Supplied information:
::::
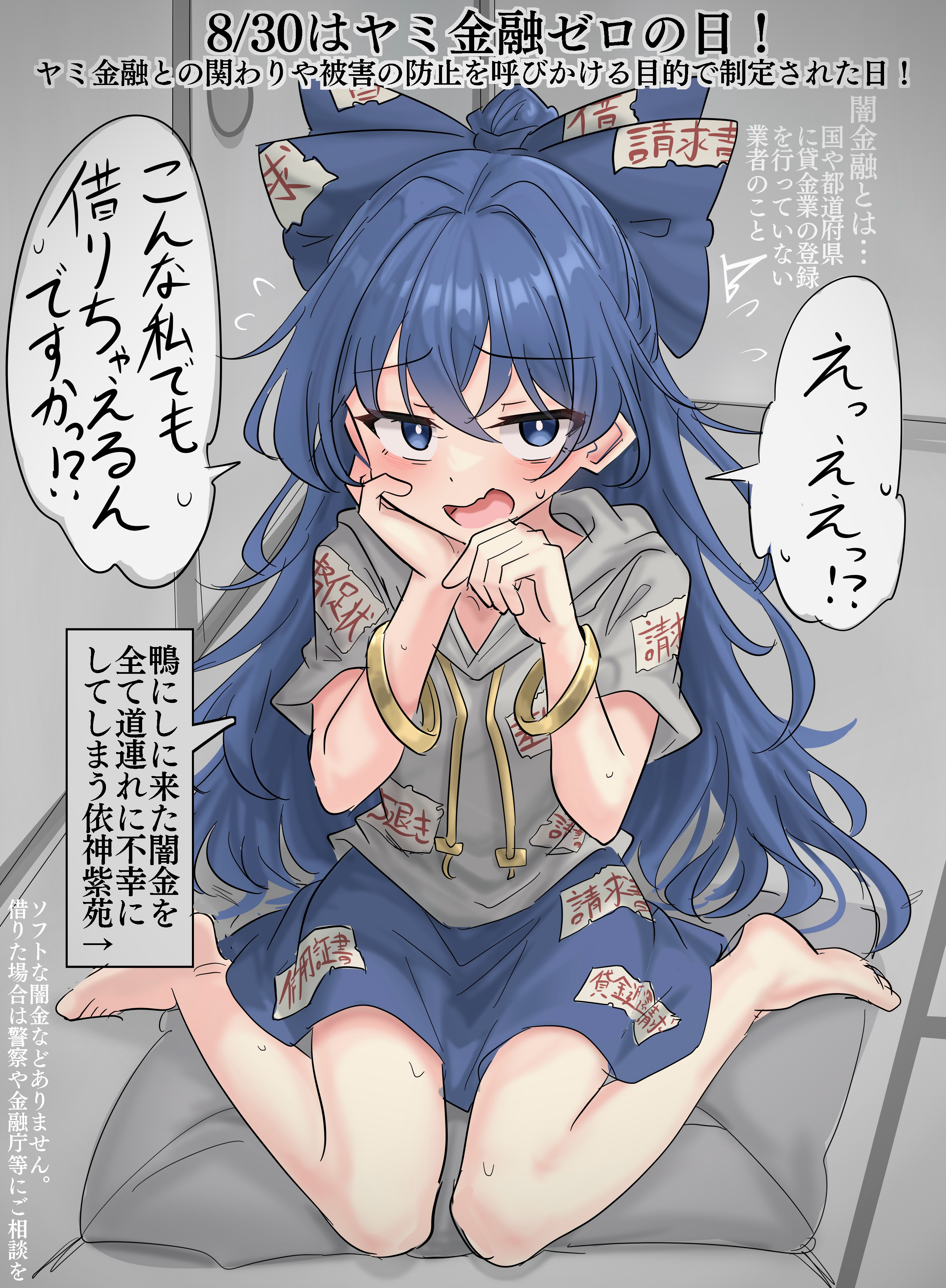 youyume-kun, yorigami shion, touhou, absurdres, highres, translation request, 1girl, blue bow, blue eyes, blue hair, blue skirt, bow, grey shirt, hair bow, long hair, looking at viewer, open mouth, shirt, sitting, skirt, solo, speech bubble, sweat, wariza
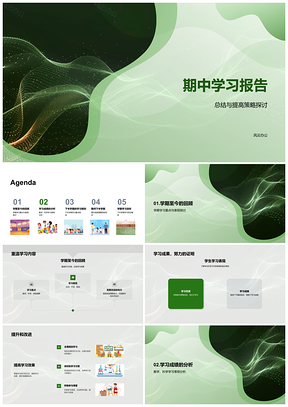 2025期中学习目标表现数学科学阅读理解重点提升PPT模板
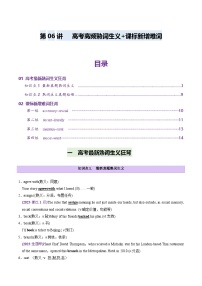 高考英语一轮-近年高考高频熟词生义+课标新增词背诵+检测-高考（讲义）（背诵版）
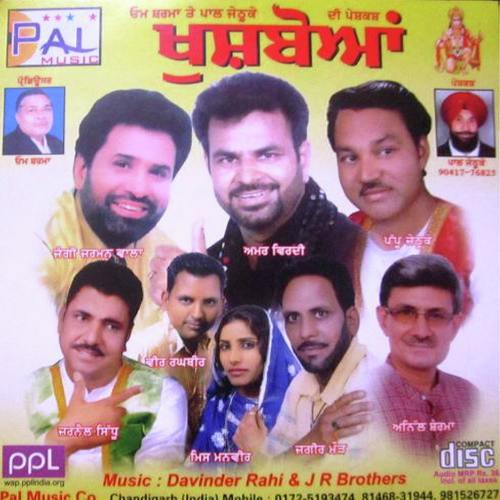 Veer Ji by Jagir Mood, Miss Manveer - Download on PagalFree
::::
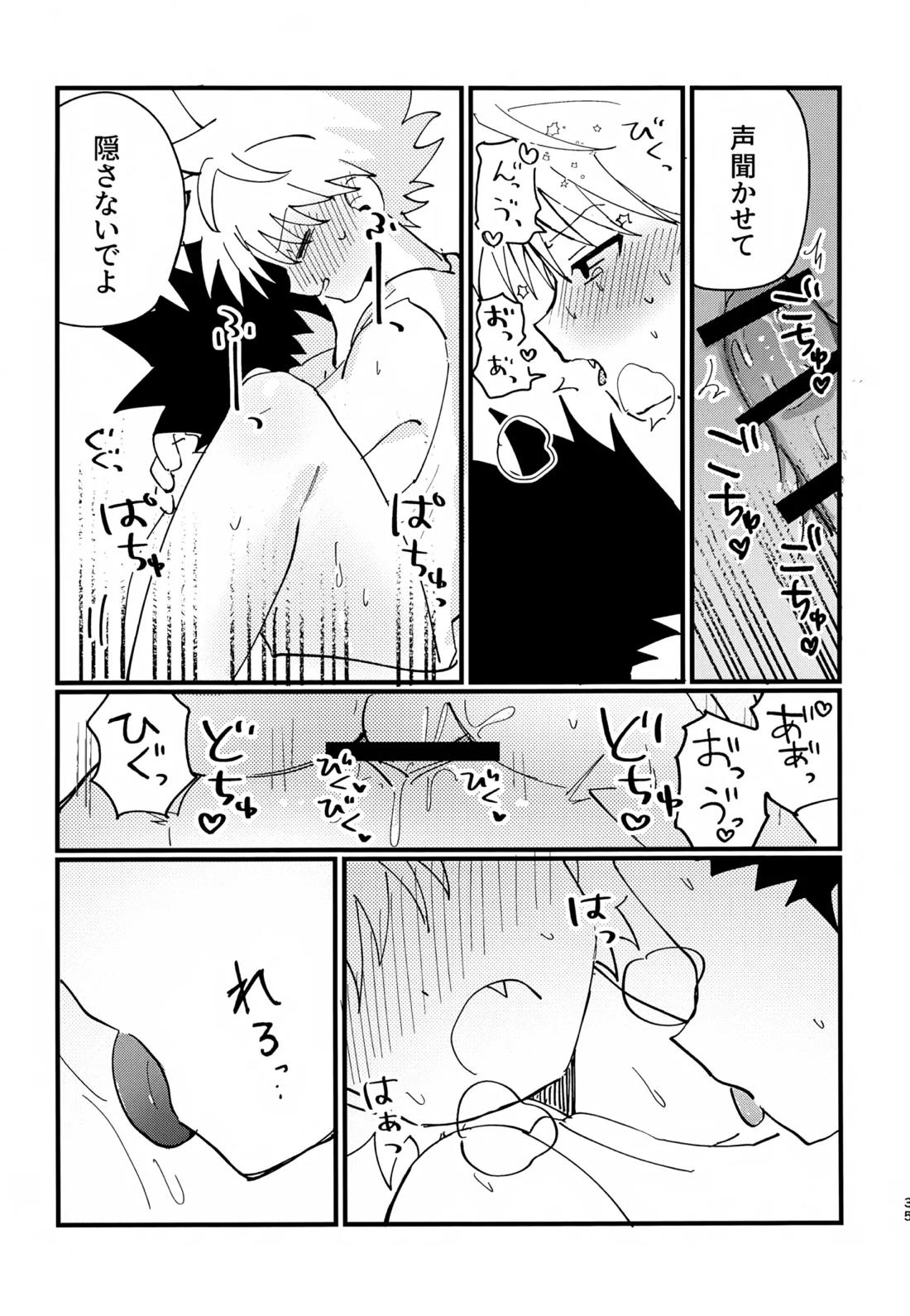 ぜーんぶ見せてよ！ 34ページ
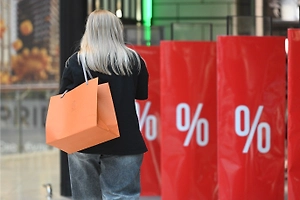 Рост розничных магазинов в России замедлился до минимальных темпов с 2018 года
::::
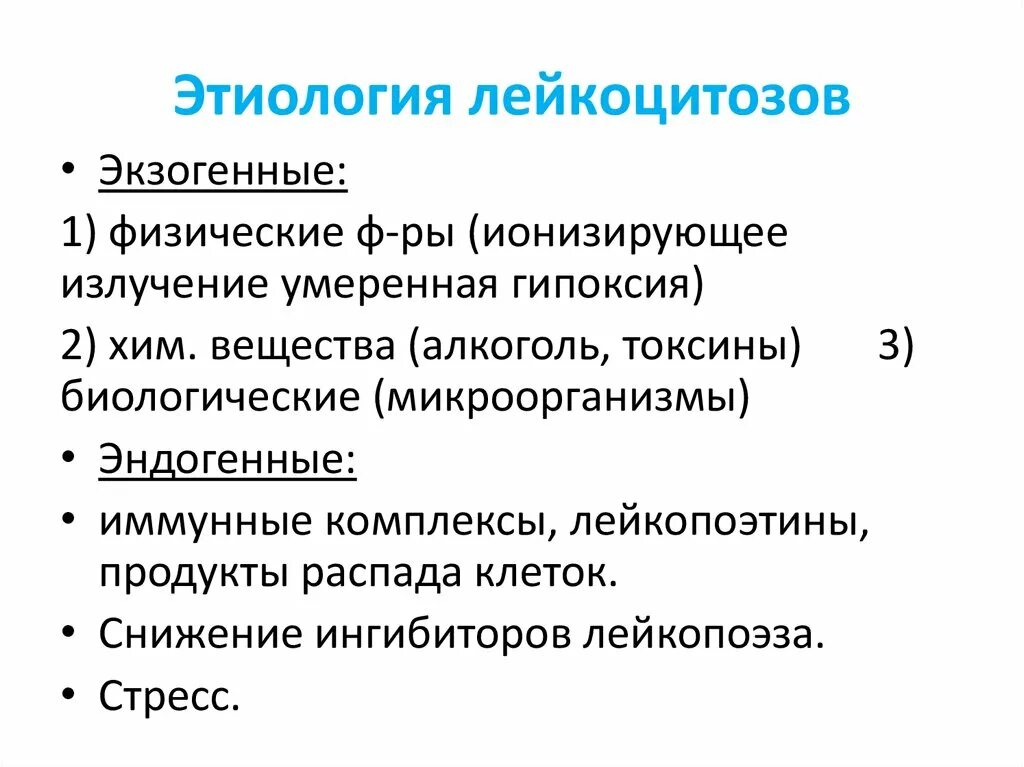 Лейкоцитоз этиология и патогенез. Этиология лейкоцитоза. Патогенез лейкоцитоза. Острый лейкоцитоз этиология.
::::
Your goal: Exactly reproduce the lines above, starting at the one that contains "bubble, sweat, wariza" and ending at the one that contains "Veer Ji by Jagir", both inclusive; leave the pictures out and add no other lines.

Response area:
 youyume-kun, yorigami shion, touhou, absurdres, highres, translation request, 1girl, blue bow, blue eyes, blue hair, blue skirt, bow, grey shirt, hair bow, long hair, looking at viewer, open mouth, shirt, sitting, skirt, solo, speech bubble, sweat, wariza
 2025期中学习目标表现数学科学阅读理解重点提升PPT模板
 高考英语一轮-近年高考高频熟词生义+课标新增词背诵+检测-高考（讲义）（背诵版）
 Veer Ji by Jagir Mood, Miss Manveer - Download on PagalFree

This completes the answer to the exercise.